Now to save up and get my quick change tool holders.


----------



## compound driver 2 (Apr 16, 2008)

HI
Just running a facing cut should give you a quick visual as to how close to center height you are.
If that fails face off a lump of bar and use the tool to scrive a line across the work rotate the work 120 degrees and scrive again. Once you have done that three times you should be able to work out from the lines and how they intersect what your tool heights like.

Cheers Kevin


----------



## Circlip (Apr 16, 2008)

The ultra quick way to set height is to put a rule between the tool tip and the O/D of the bar. If top leans towards you add packing and vicky verky Regards Ian.


----------



## alan2525 (Apr 16, 2008)

How abouts did you use the indicator to set the tool height? I normally just face up the end of a piece of bar and measure the nib left in the centre to get the height.

Alan


----------



## tmuir (Apr 16, 2008)

It was fiddly bit I put a dead centre in my tailstock and set the DI on my lathe bed and zeroed it off on the very tip of the dead centre and then moved the tailstock out of the way and wound the tip of my tool under the DI, saw it was reading low so repacked till I got the height right.

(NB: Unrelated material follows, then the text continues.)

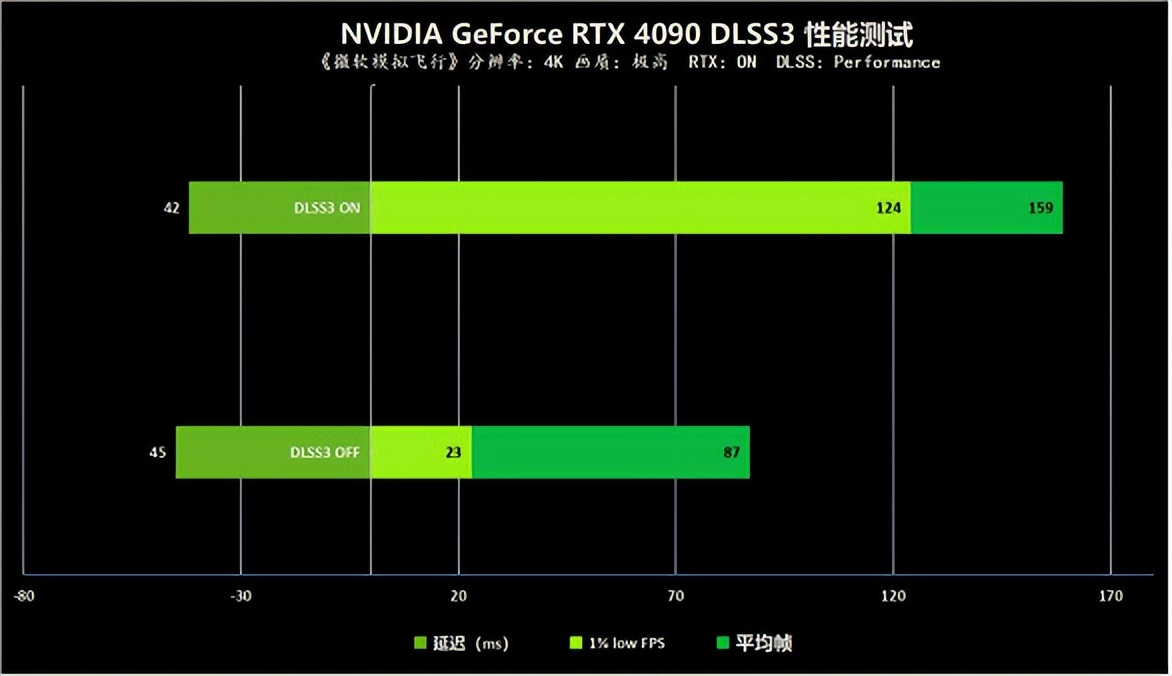 NVIDIA RTX 4090首发评测 DLSS3加持下加冕卡皇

Measuring the bump left when you face off is a very simple way to do it but no good for setting the height on a parting off tool.


----------



## Cedge (Apr 16, 2008)

Tony
Listen to Ian...LOL. The 6 inch rule method is a sweet down and dirty little trick that will give you an instant visual reference. It's amazing accurate as well. I tend to run my cut off tool just the least smidgen (southern technical term) below the center line so I tilt the blade ever so slightly toward the front of the lathe to set it up.

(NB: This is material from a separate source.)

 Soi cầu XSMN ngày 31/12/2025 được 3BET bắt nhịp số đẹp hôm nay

The facing method is also a very handy way to get the edge aligned, as well as exactly perpendicular. I just place the blade flat against the faced end to make sure it's square to the work piece and then position it for the cut.

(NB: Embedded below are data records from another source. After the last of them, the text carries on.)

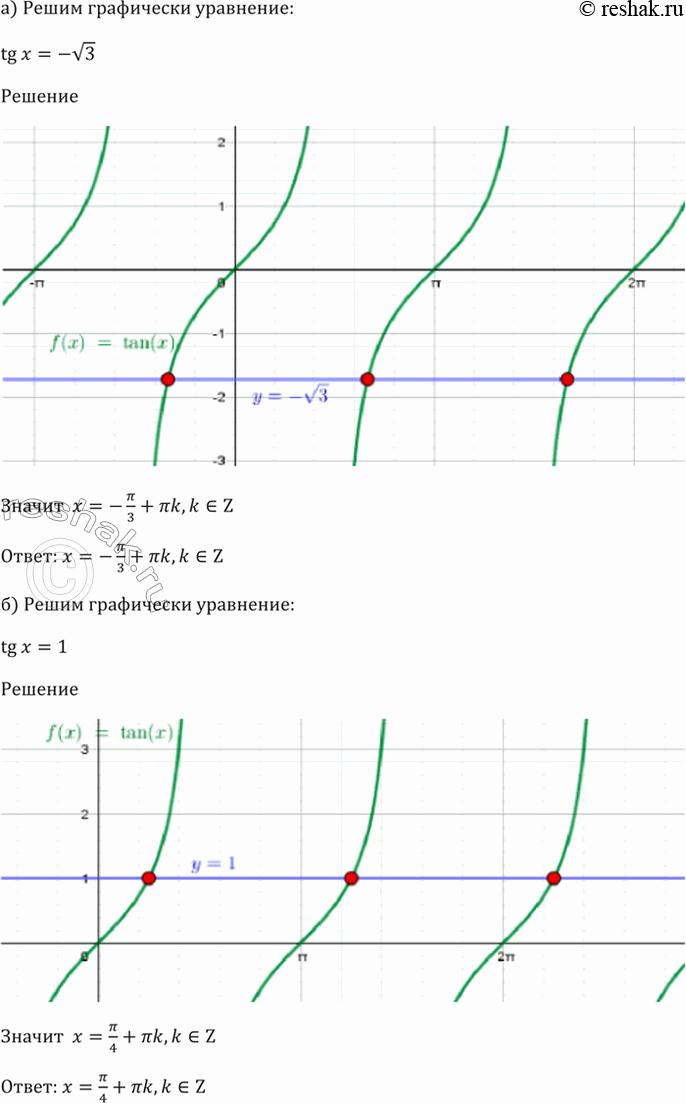 Изображение 14.3 Решите графически уравнение:  a) tg x = -корень(3);   б) tg x = 1;   в) tg x = -1;   г) tg x =...
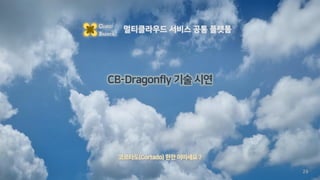 멀티클라우드 서비스 공통 플랫폼
CLOUD
BARISTA
코르타도(Cortado) 한잔 어떠세요 ?
CB-Dragonfly 기술 시연
28
 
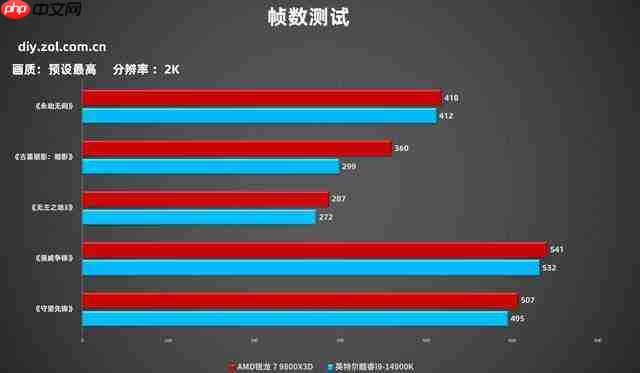  布局优化升级 WIFI7 华硕 B850 重炮手白色版主板评测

We need to develop a way to extract all these little tricks from the brains of the old hands, without doing damage. Sort of a like catch and release program...(grin)

Steve


----------



## Alphawolf45 (Apr 16, 2008)

The 6 inch rule trick works every bit as well to find top dead center of a round workpiece on your drillpress.....Lots of times thats plenty accurate enough to do the job at hand.


----------



## alan2525 (Apr 16, 2008)

Cedge  said:
			
		

> We need to develop a way to extract all these little tricks from the brains of the old hands, without doing damage. Sort of a like catch and release program...(grin)
> 
> Steve



Sounds like you come under Bogstandards "I want!" category! 

I normally use the 150mm steel rule trick when setting up a parting tool (thats the metric version of the same concept)

Make sure you use a quality steel rule though and not the bent old one thats been left out in the shed for years that you use as a paint scraper!


----------



## Cedge (Apr 16, 2008)

Alan
Yeah... "I want" to know everything these old guys know. Unfortunately my head would probably explode before everything was filed away. Just think of the memory space required to file just the Marv Klotz stuff , alone....LOL

Steve


----------



## Bogstandard (Apr 16, 2008)

Less of the 'old' guys. Mature is a much better phrase.
But on the other hand, I have been called worse.

John


----------



## BobWarfield (Apr 16, 2008)

Some of you may have seen the SouthBend videos. A link was posted in another thread, but here it is again:

http://www.shinyobjectdesign.com/staff/paul/sbvideo/

If you watch the one on single point tools, they have an excellent diagram on the effect of your tool height relative to center. If you have your tool below center, it wants to suck the tool into the work. Almost makes me think of climb milling and wondering how much might happen here? If you have your tool above center, it wants to push the tool away from the work and you may not be right on the cutting edge but instead a little below it. 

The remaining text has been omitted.